Entstehungsdaten:
USA / Kanada 2007
Regie:
J.P. Schaefer
Darsteller:
Jared Leto
Lindsay Lohan
Judah Friedlander
Mark Lindsay Chapman
Am achten Dezember 1980 wurde der gefeierte Musiker und Friedensaktivist John Lennon in New York von Mark David Chapman vor dem Eingang des an der Ecke 72nd Street und Central Park West gelegenen Dakota Apartmenthauses erschossen. „Chapter 27“, eine Independent-Produktion, mit der J.P.Schaefer sein Debüt als Autor und Regisseur feiert, beleuchtet die letzten drei zu dieser Tat hinführenden Tage – allerdings rein subjektiv aus Chapman´s Sicht heraus aufgezeigt. Der Titel bezieht sich auf J.D.Salinger´s 1951 verfassten, 26 Kapitel umfassenden Beststeller „the Catcher in the Rye“ („der Fänger im Roggen“), den der Attentäter bei seiner Verhaftung bei sich trug – jener glaubte nämlich, eine reale Verkörperung des literarischen Hauptcharakters des betreffenden Werks (Holden Caulfield) zu sein. Auf der Basis dieser Überzeugung richtete er den damaligen Teil seines Lebens aus, was letztendlich dazu führte, dass er die Worte und Botschaften des Romans auf seine Sicht der Realität übertrug – aus diesem geistigen Konstrukt resultierte schließlich die Inspiration und Motivation für sein unvergessliches Verbrechen.

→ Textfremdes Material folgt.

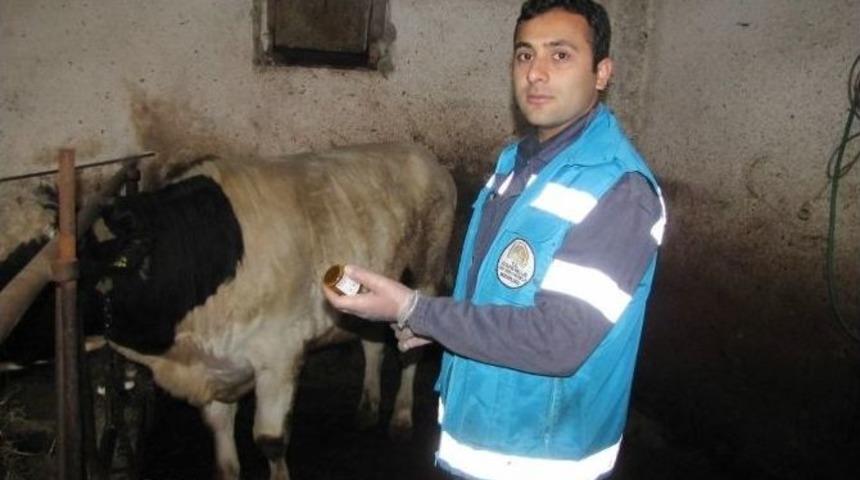 Hisarcık&rsquo;ta Şap Karantinası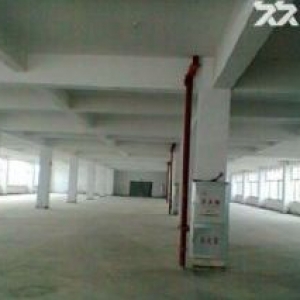 灌南工业区标准厂房5000平出售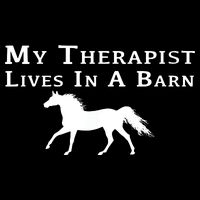 My Therapist Lives In A Barn Horse Equestrian Womens T-Shirt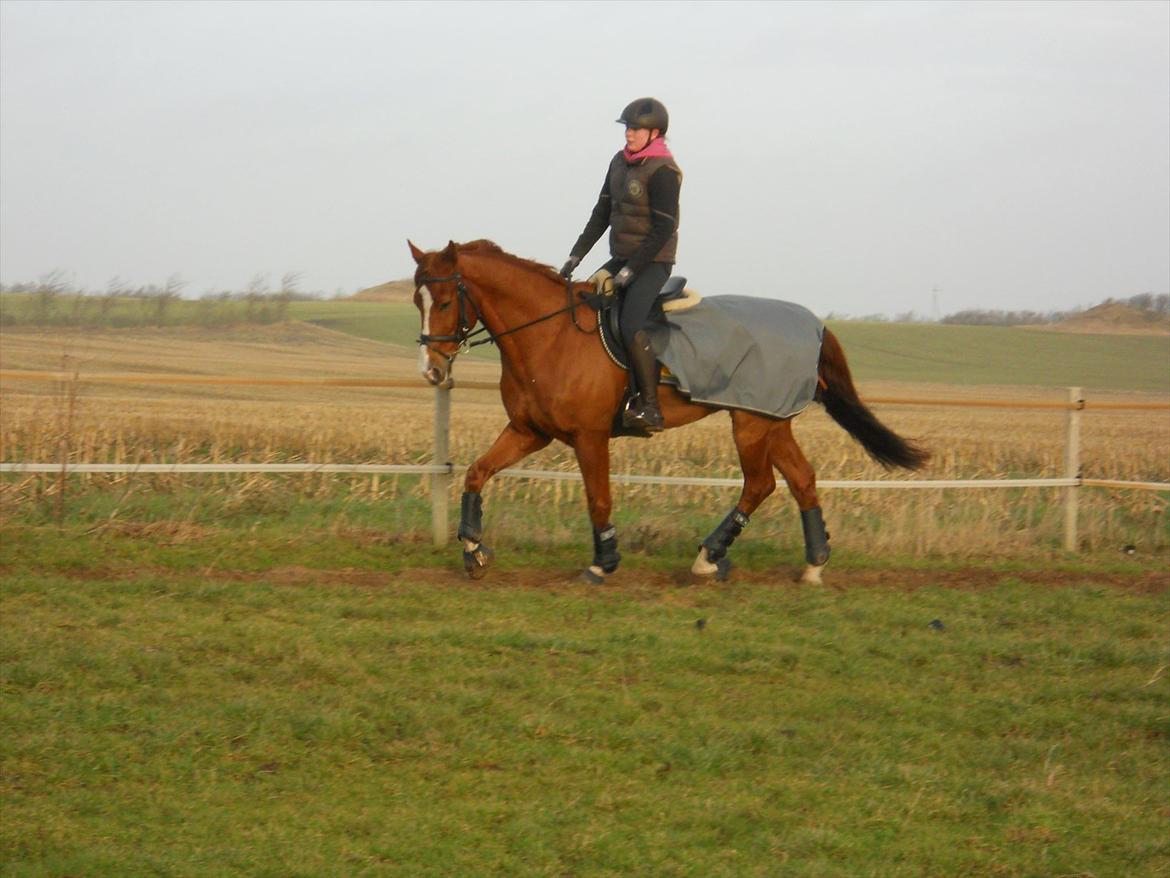 Polsk Varmblod Flet billede 8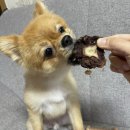 멈머(mummuh) 이미지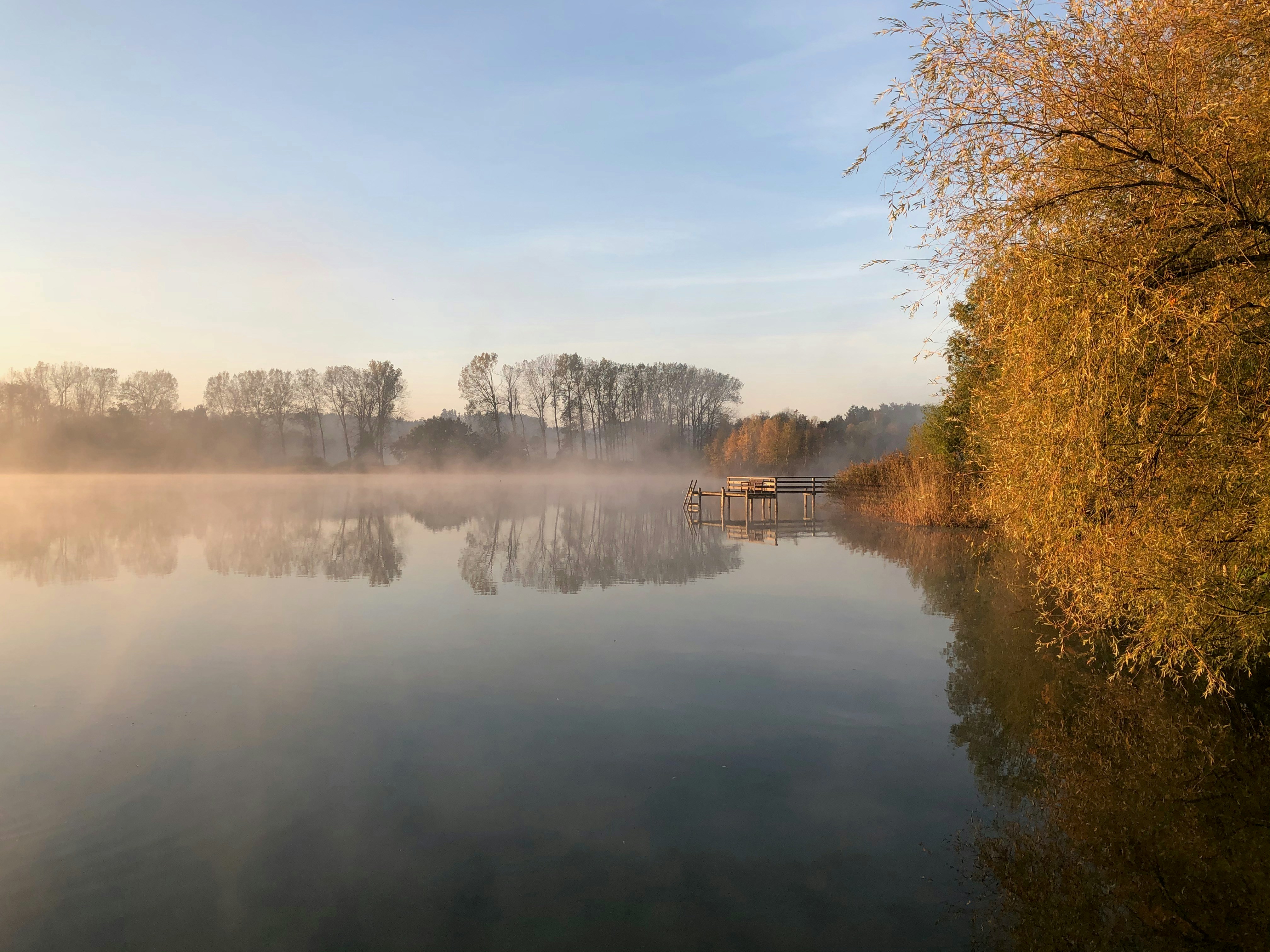 Photo by wasserfalltante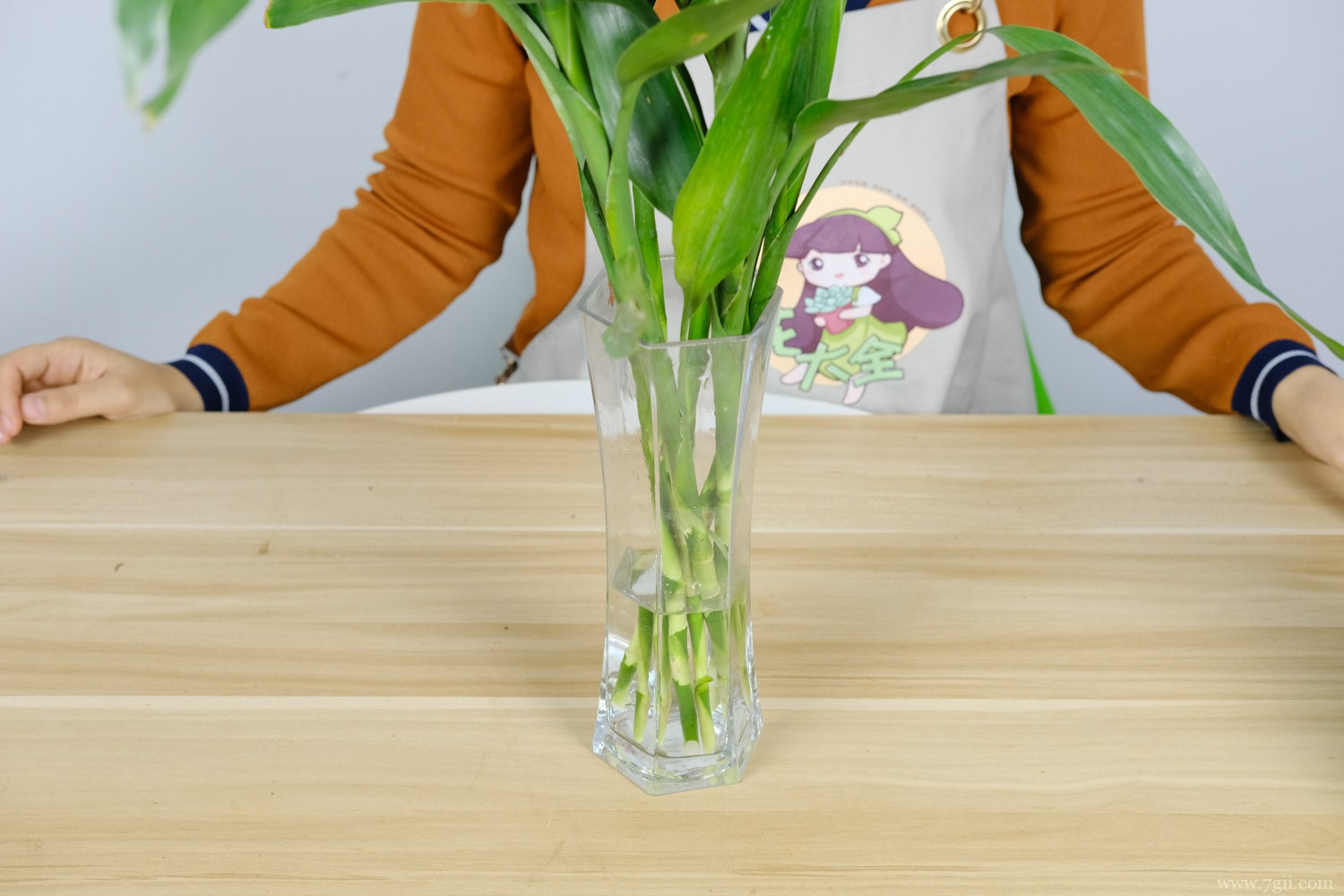 富贵竹怎么水养生根快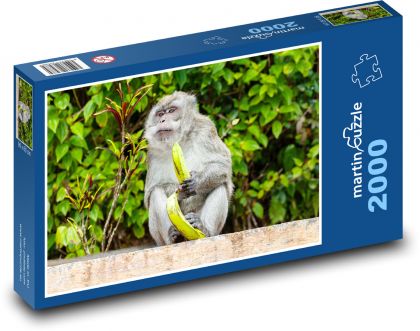 Macaque and banana - monkey, eat - Puzzle 2000 pieces, size 90x60 cm 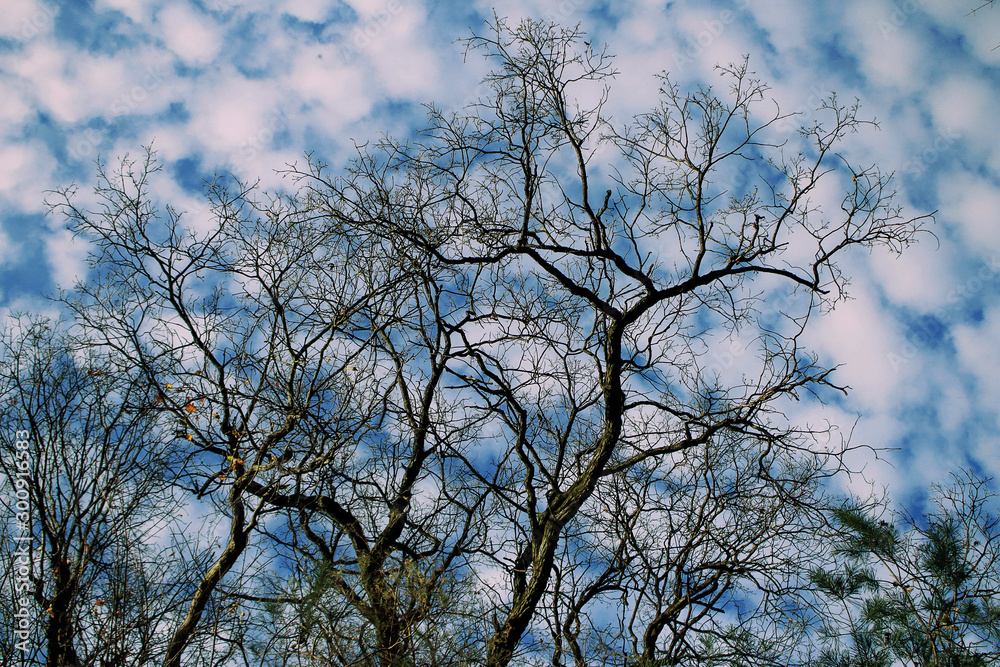 Dark leafless tree branches on blue sky background Dark leafless tree branches on blue sky background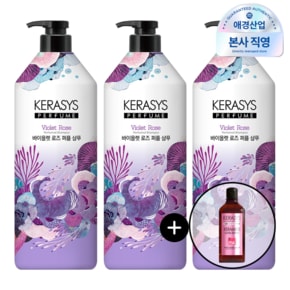 퍼퓸샴푸 바이올렛 로즈 1L 3개 + 180ml 샴푸 추가 증정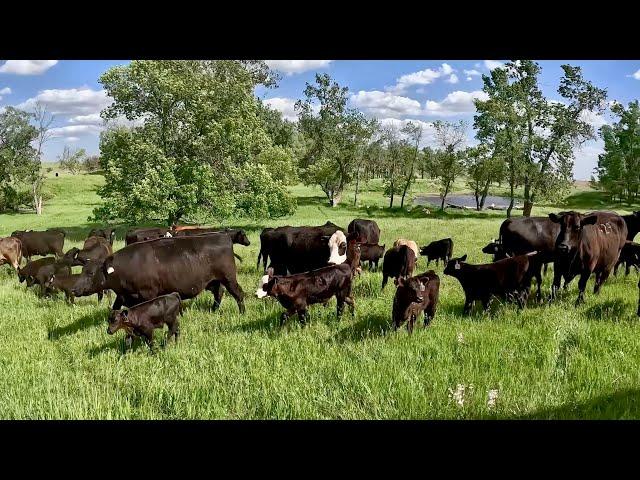 Day In The Life Of A Real Cattle Rancher!!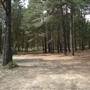 Newnes State Forest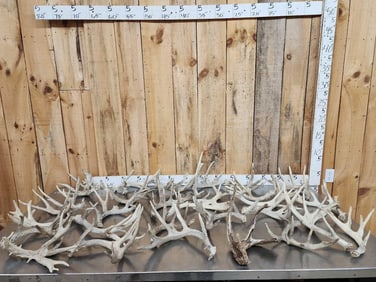 37.1 Lbs Of Whitetail Shed Antlers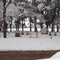 Parque Sarmiento Nevado
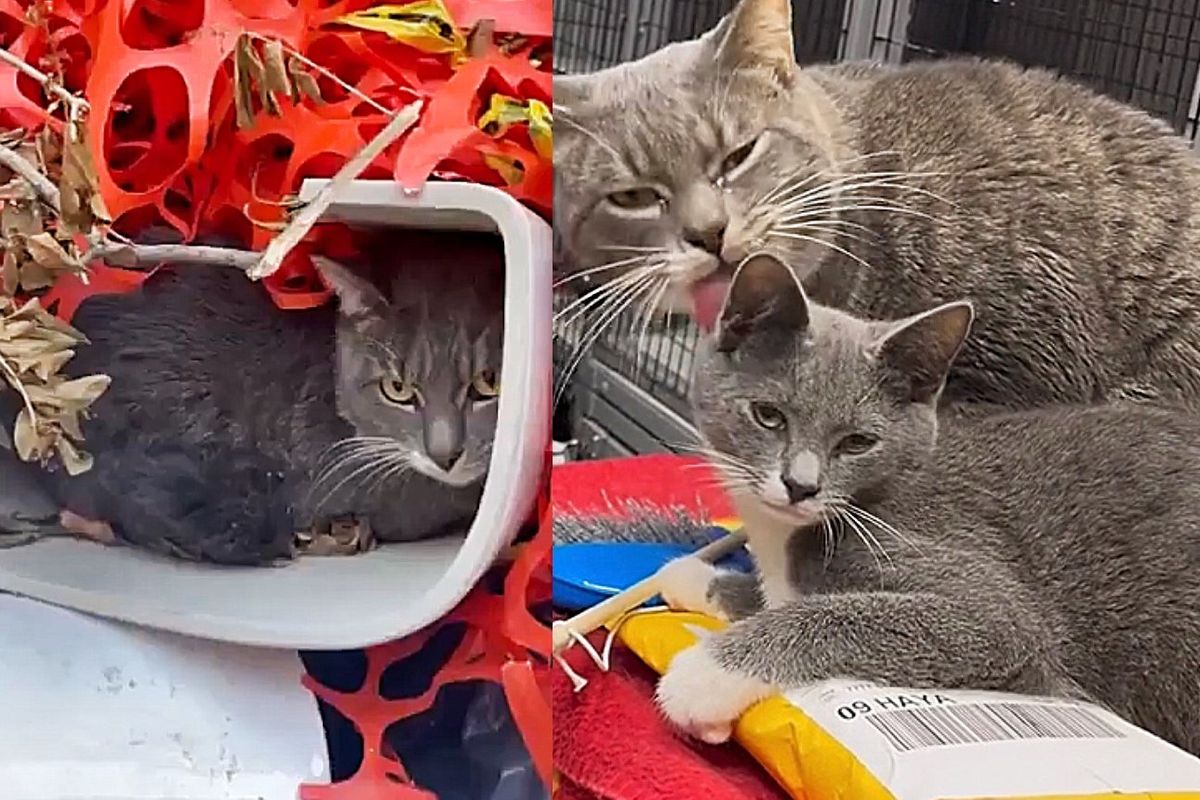 Cat Hiding in Discarded Toilet Turns Out to Be Sweetest Cat Who Loves Kittens and Adores Everyone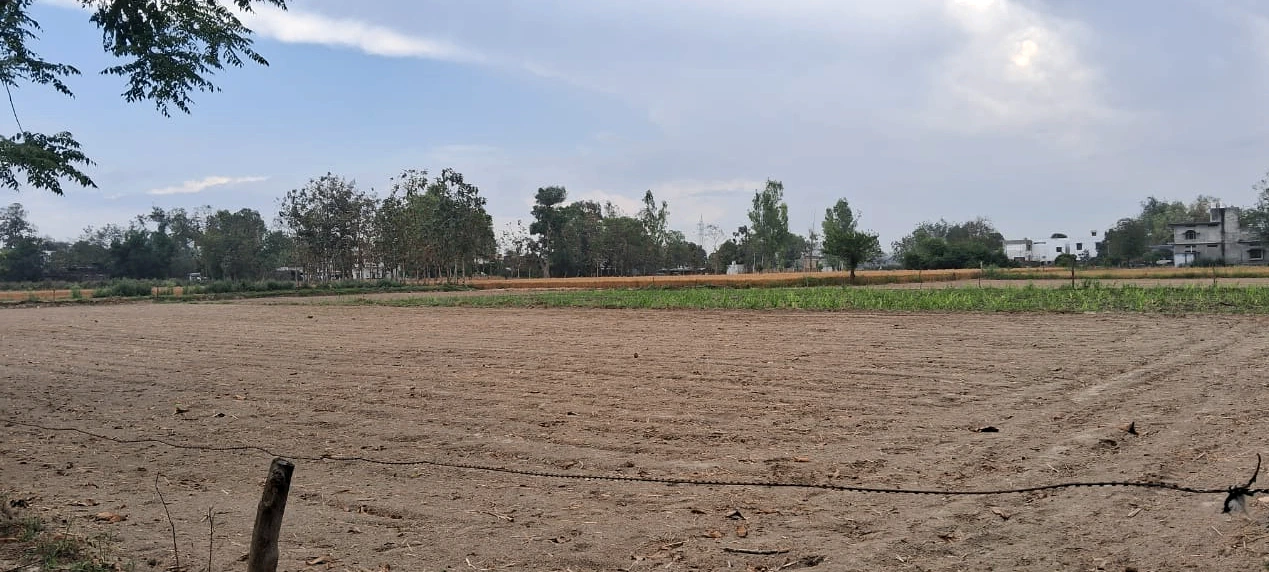 Barnagar, Madhya Pradesh 456771, India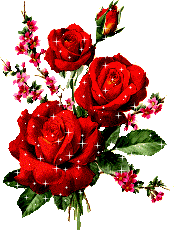 beautiful roses animation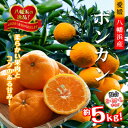 【ふるさと納税】2026年1月出荷開始 爽やかな香り。酸味が少なく甘みの強い「ポンカン」約5kg 【C39-38】【1254540】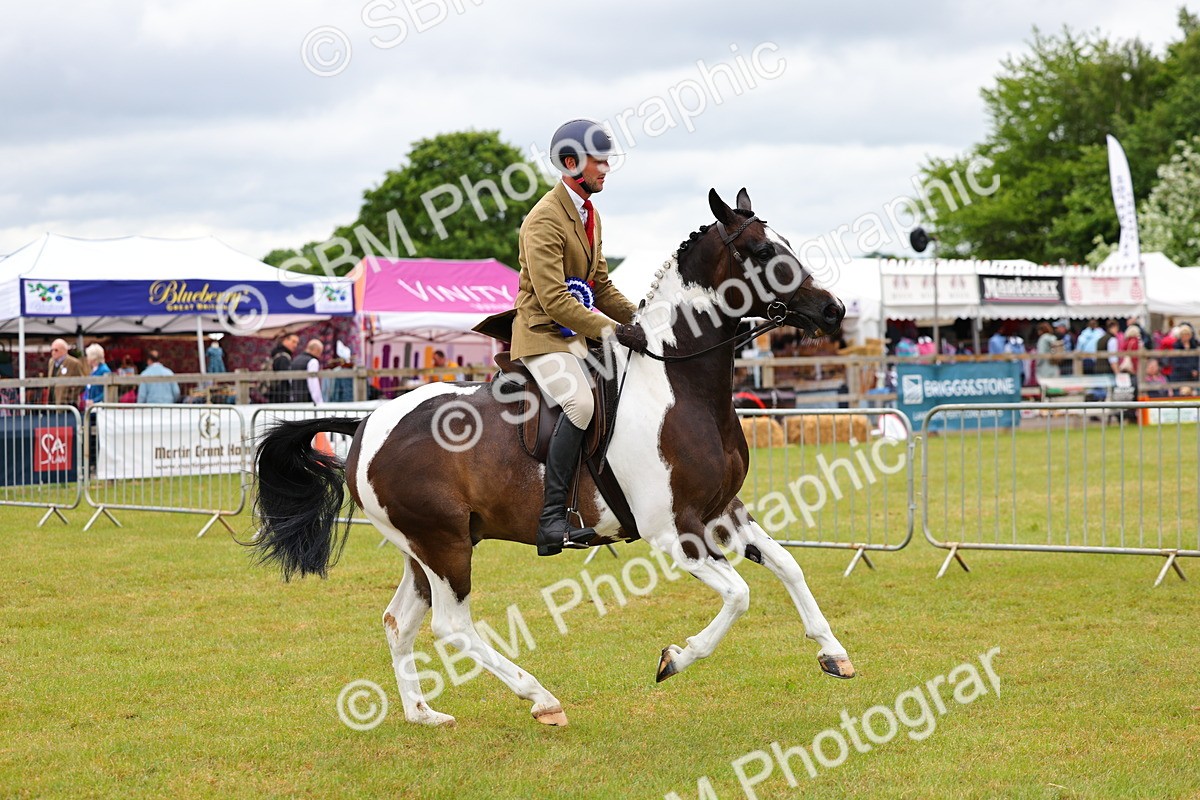 SBM_02676 - Class 9-11 Side Saddle including LIHS Rising Star Ladies Show Horse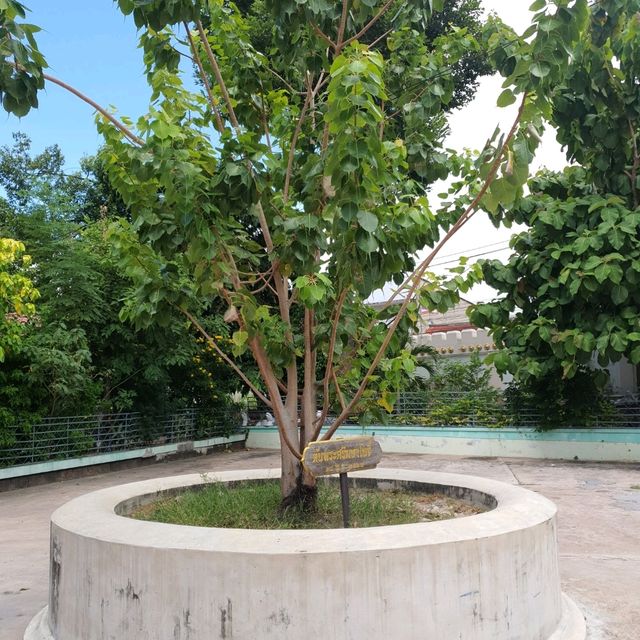 วัดศรีมหาราชา  วัดที่โบสถ์สวยงามมาก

Am 06.12.1980 landet(e) ein Flieger aus Hawaii in der amerikanischen Ostküsten-Metropole – an Bord der leidenschaftliche „Beatles“-Fan Mark David Chapman (Jared Leto), welcher seine Reise antrat, um dem aktuell gemeinsam mit seiner Frau Yoko Ono und Söhnchen Sean in Manhattan residierenden John Lennon, einem seiner Idole, dichter zu sein. Man könnte fast von einer Art Wallfahrt sprechen, nur wird einem schnell bewusst, dass er im Innern von einer tiefen Zerrissenheit geplagt wird. In einem kostengünstigen YMCA-Zimmer einquartiert, tritt diese dunkle Seite erstmals (für den Zuschauer spürbar) hervor: Das lautstarke Treiben zweier Homosexueller nebenan veranlasst ihn irgendwann dazu, wutentbrannt diese sündige Absteige zu verlassen und in das ungleich noblere Sheraton Center Hotel zu ziehen. Einige Blocks entfernt hält sich täglich eine beständige, aus Fans und Fotographen bestehende Anzahl Personen vorm berühmten Dakota Building auf, die allesamt dem angesehenen Künstler nahe sein wollen, um gegebenenfalls Schnappschüsse, Autogramme oder auch bloß nur einen Blick auf ihn zu erhaschen. Einer von ihnen ist Jude (Lindsay Lohan), welche die von John indossierten Weisheiten zu einem Teil ihres Daseins gemacht hat: Sie und Mark kommen ins Gespräch, und er folgt ihrer Empfehlung, sich das neue Lennon-Album „Double Fantasy“ zu kaufen, das er fortan gerne vom Künstler signiert haben möchte – sofern es ihm denn gelingt, jenem mal zu begegnen. Inzwischen im Besitz einer Pistole sowie Ausgabe des von ihm verehrten Buches „the Catcher in the Rye“, beginnt Mark´s vernebelte Denkweise stärker in eine beunruhigendere Richtung zu tendieren – er ist verwirrt, hin und her gerissen zwischen Wut und Angst vor dem, zu was er fähig ist. Stimmen weisen ihm einen Weg, den er eigentlich nicht entlangschreiten möchte, doch je mehr er über alles nachdenkt, desto klarer stellen sich für ihn die Parallelen zu der Situation im Roman heraus – immer stärker scheint er sich in Caulfield´s Persona zu verlieren. Nach einem Telefonat mit seiner Frau daheim ist ihm seine Bestimmung klar: Er muss John Lennon töten, da dieser zu etwas geworden ist, das er (bzw Holden) im Grunde verabscheut. Die einzige Chance, dies noch abzuwenden, stellt wahrscheinlich Jude dar, in deren Nähe er sich nicht allein und verloren fühlt – aber sein zunehmend merkwürdiges Verhalten lässt auch sie Distanz zu ihm suchen…der Rest ist traurige Geschichte.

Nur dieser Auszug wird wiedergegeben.